But what if tonight really was the end of the world? Would I live today any different? This is a re-post from another blog I had that shares those thoughts. These are my thoughts on the end of the world.
(Originally posted May 20, 2011 here.)
By now, I am sure that everyone has heard of the pastor in California who is convinced that the rapture will happen on May 21, 2011 and the world will end the following October. Because that date is so near, it was on my mind as with the rest of the nation (and maybe even world). Today as I spent most of my time in airplanes and airports, making my way to visit my mom, a great song came up on my iPod. I always thought of Bruce Cockburn's "Last Night of the World" as a love song expressing no regrets in life.

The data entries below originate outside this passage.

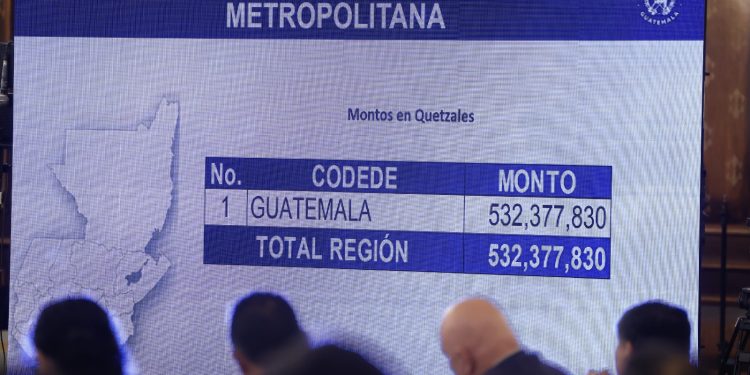 Ministro de Finanzas Públicas, Jonathan Menkos presentó la propuesta de presupuesto 2025, en tercera reunión ordinaria del Conadur. / Foto: Gilbert García.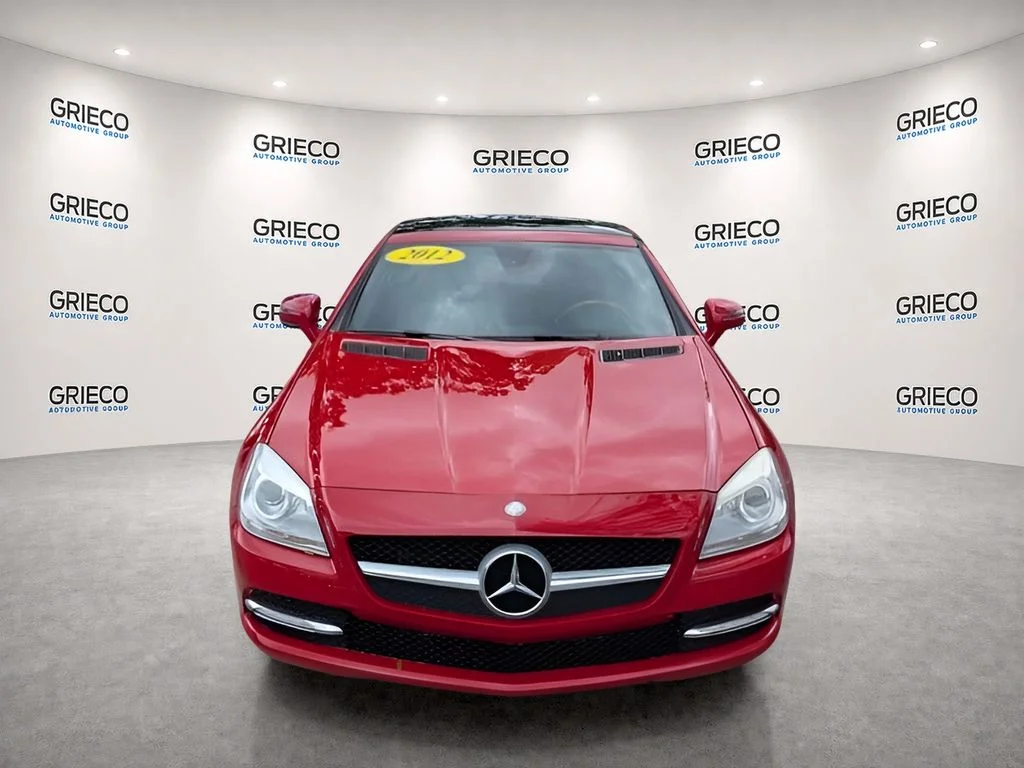 Used 2012 Red Mercedes-Benz SLK 350 image 2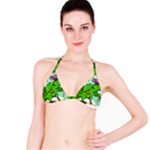 Parrot Hat Cartoon Captain Classic Bikini Top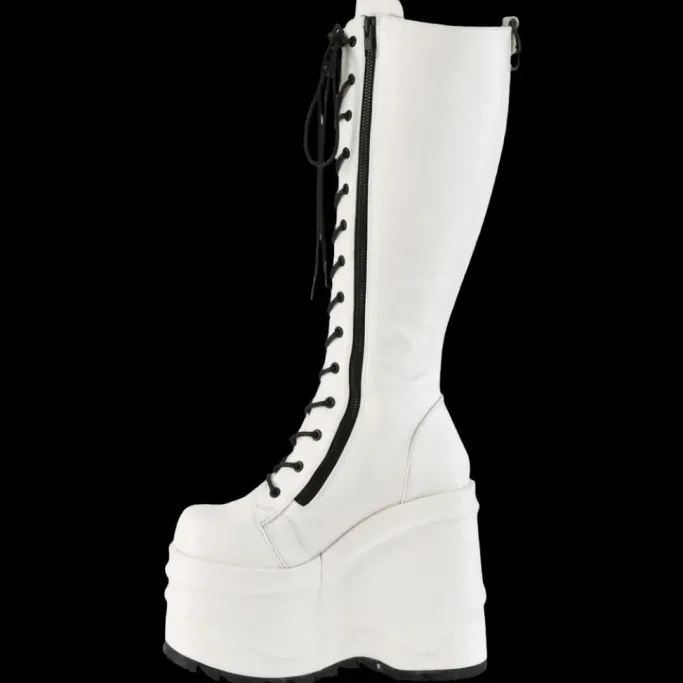 DemoniaCult WAVE 200 Boots White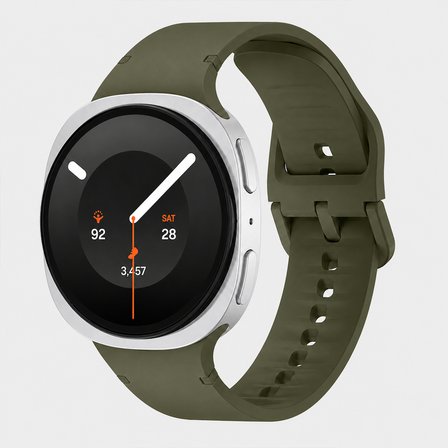 Samsung Galaxy Watch 9 44mm 40mm İle Uyumlu Metal Tokalı PureLux Soft Silikon Kordon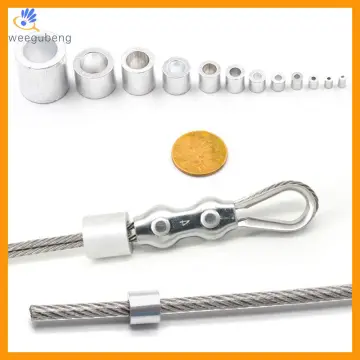 Aluminum Rope Hardware, Aluminum Ferrule Lock, Aluminum Cable Clip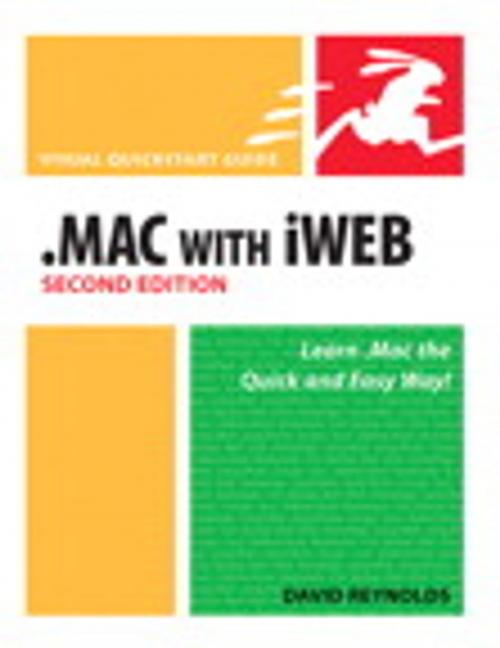 Cover of the book .Mac with iWeb, Second Edition by David Reynolds, Pearson Education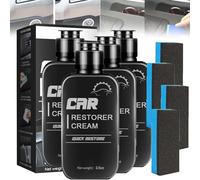 Buhocolor Restaurador Plástico - Auto Plastic Restorer Black,Plastic Cleaner For Cars,Restaurador De Plásticos Para Auto,Plastic Scratch Remover And Polish,Crystal Coating For Car (4pcs,100ml)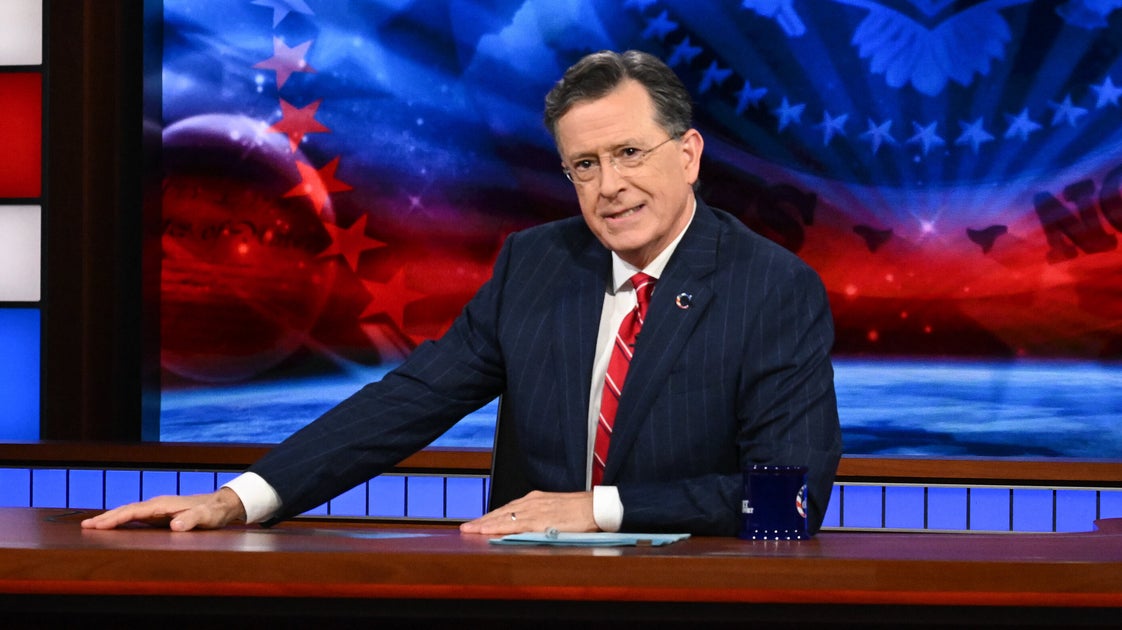 Stephen Colbert Spots Sign World Leaders Are Trolling Trump | HuffPost ...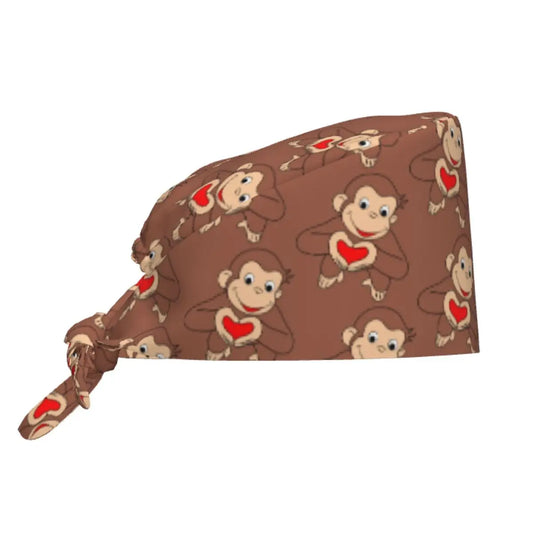Custom Curious George Is All Heart Cleaning Working Cap Cool Monkey TV Series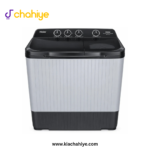 Haier 13 Kg Grey and Green Semi-Automatic Twin Tub Washing Machine - HTW 130-178 G Wash & Spin - 10 Years Motor Warranty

Today it ironically had new meaning.
The chorus goes:
"If this were the last night of the world, what would I do?
What would I do that was different, unless it was champagne with you..."
From stories I have heard, people are taking this May 21 "prophesy" in different ways. I have heard of some who have sold everything they own, quit their jobs, and have gone on vacation. Others are planning post-rapture looting parties. So, I got myself thinking: if this really was "the last night of the world", would I change the way I live? And my answer in that honest moment of personal reflection took me off-guard.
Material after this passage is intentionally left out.